__DATASET EXTRACT__:

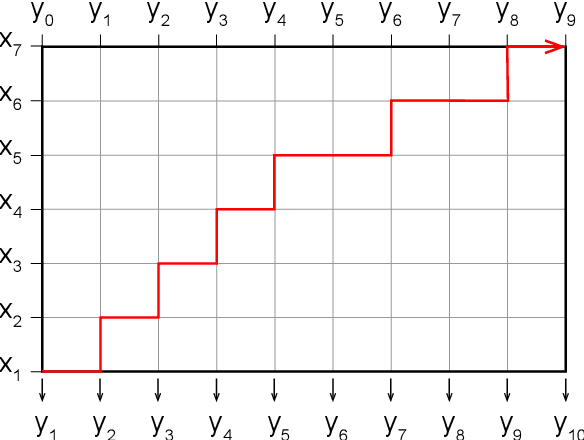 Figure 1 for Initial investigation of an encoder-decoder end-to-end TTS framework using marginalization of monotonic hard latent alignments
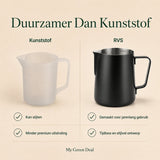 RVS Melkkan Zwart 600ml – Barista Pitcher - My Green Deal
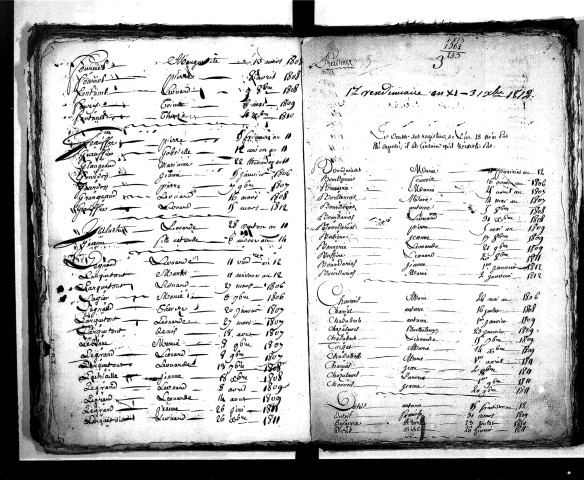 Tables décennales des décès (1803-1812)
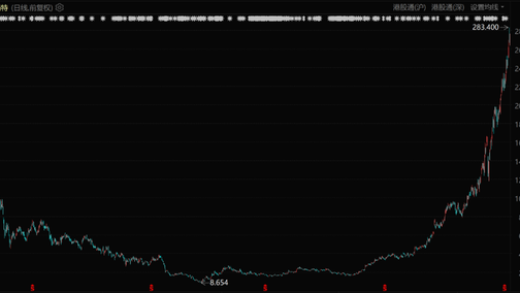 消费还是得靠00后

__WORK TO COMPLETE__:
Would you restate all of the data above word for word, omitting the pictures?

__REPLY TO THE TASK__:
 Figure 1 for Initial investigation of an encoder-decoder end-to-end TTS framework using marginalization of monotonic hard latent alignments
 RVS Melkkan Zwart 600ml – Barista Pitcher - My Green Deal
 Tables décennales des décès (1803-1812)
 消费还是得靠00后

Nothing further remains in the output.